In last month’s column, I described the Creep Test and how to perform it. For those who didn’t read that column, or for those of you with memories like mine, here’s a brief description of the Creep Test: Stand at the line about 20 yards from the target, shoot one arrow pulling hard against the stops and then shoot another arrow creeped forward as much as possible. Make a note of where each of these arrows hit. Your ultimate goal is to get these two arrows to hit the same spot.
This is the Creep Test. The purpose of this test is to allow you to tune the high and low misses out of the bow. I find, on most bows, the creep test works best when the top cam rolls over ever-so-slightly ahead of the bottom cam as the bow comes to full draw. I do most of this fine-tuning by twisting one cable or the other to slightly alter its length, thus changing the associated cam’s timing.
So, you are probably asking, what practical application does this have to me, the average bowhunter? Well, here’s the take home message: First of all, you need to be very consistent with your draw length. You need to pull the bow back to the same place in the valley every time. If you could do that, the creep test would not matter. Unfortunately, none of us are that consistent.
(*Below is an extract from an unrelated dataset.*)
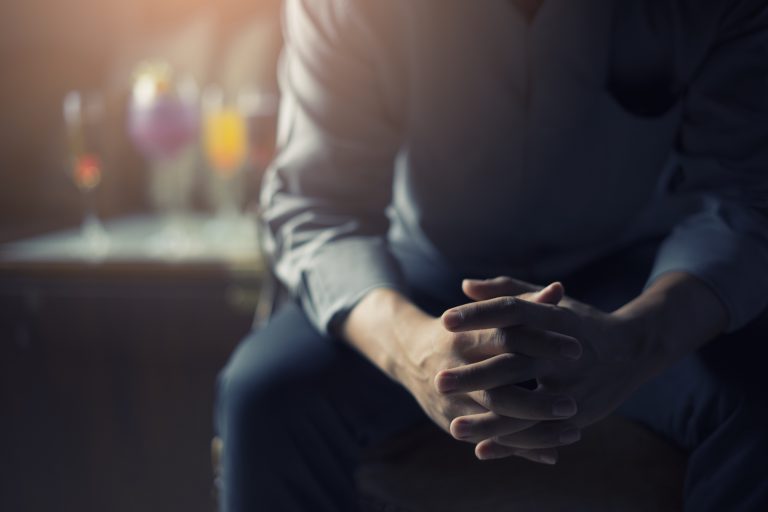 a sad man sits with his arms crossed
In the previous column, I talked about shooting in the middle of the valley. I no longer advocate that. I feel you will be much more consistent with today’s bows if you pull slightly (not hard) against the stops. The key to doing this well, as in all things related to shooting a bow, is to do it exactly the same way every time.
Keeping the above recommendations in mind, go out and shoot your bow. Get nice and warmed up. Now, using your best form and execution, shoot two arrows at 20 yards pulling firmly against the stops. Now shoot two arrows at the same spot while creeping forward as far as you comfortably can while still making a good shot.
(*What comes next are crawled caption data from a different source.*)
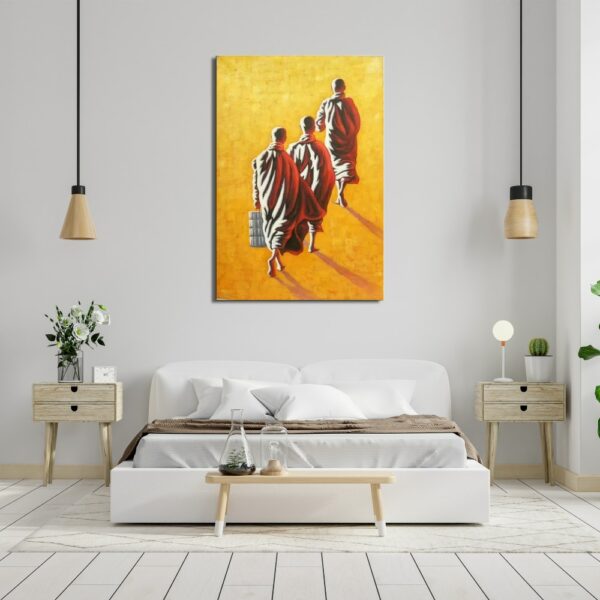 Tableau sur fond jaune sable avec 3 moines marchant de dos en robe rouge et un sac dans la main gauche , accroché au-dessus d'un lit avec un banc au bout, 2 susepnsions de lumière au-dessus des 2 tables de chevet en bois avec tiroirs, une plante à gauche et une lampe à droite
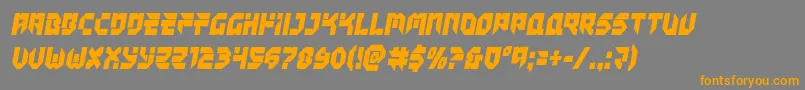 フォントTokyodriftercond – オレンジの文字は灰色の背景にあります。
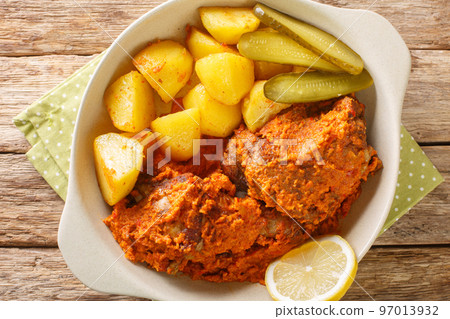 African and Portuguese cuisine galinha a Africana or frango assado is a dish traditionally associated with Macau close up on the pot. Horizontal top view 97013932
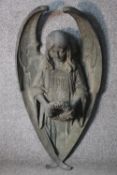 A large early 20th century wall mounted bronze angel statue. The angel holding a flower wreath. H.90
If your arrows are more than two inches apart, you would probably benefit from a little fine-tuning. You can take the bow into the pro shop and have them sync the wheels. Or, if you are technically minded, you can do it yourself. As I said before, I start by timing the wheels so they both roll over at exactly the same time. You can check the wheels for synchronization by drawing your bow back while a friend watches the cams. Or, you can use a shooting machine or a bow-drawing jig to draw the bow back slowly while you concentrate on the cams.
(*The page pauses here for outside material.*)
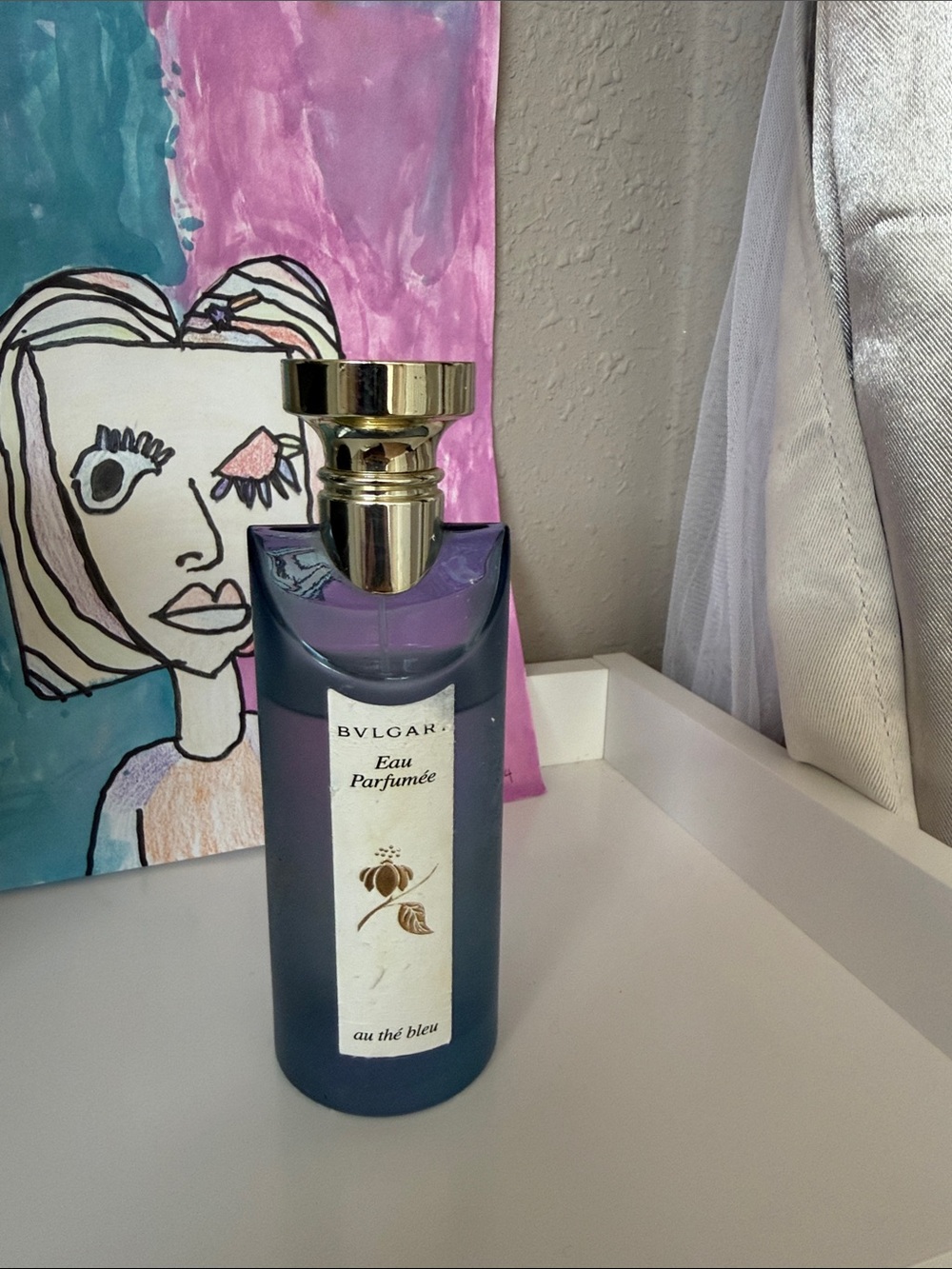 Bvlgary blue glass perfume bottle with gold cap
To adjust the cams, place your bow in a bow press and twist one of the cables a 360-degree turn and reattach it. Try to make the upper cam come to full draw slightly ahead of the bottom cam. Repeat the creep test and compare the results. Be open minded as you are doing this. Be willing to go the opposite way if you are not getting the results you are looking for.
Adjusting the cams perfectly is easiest on a two-cam bow, slightly more difficult on a hybrid-cam system and hardest on a single cam. I am NOT saying that the ease of completing the creep test has anything to do with final shootability of these types of cams.
Back when I shot a single-cam bow, I had problems with the creep test, because I couldn’t find an easy way to adjust highs and lows out of the system. I could get some results with tiller tuning (tightening and loosening the limb bolts one at a time) and then shooting to find the most forgiving setting (this will work on other types of cams as well).
Single-cam bows are probably easier to tune now because their nock travel has improved and they have developed very hard walls to keep the draw length exactly the same from shot to shot.
Some final thoughts: 1) Any time you twist or untwist a cable to change its length, you need to shoot the bow several times to allow the strings to settle in before you can fully trust the results of the change. 2) Bows that have fairly straight vertical nock travel seem to do better on the creep test than those that don’t. 3) Do not pull too hard against the wall as it can be as detrimental to accuracy as creeping forward. Good Luck!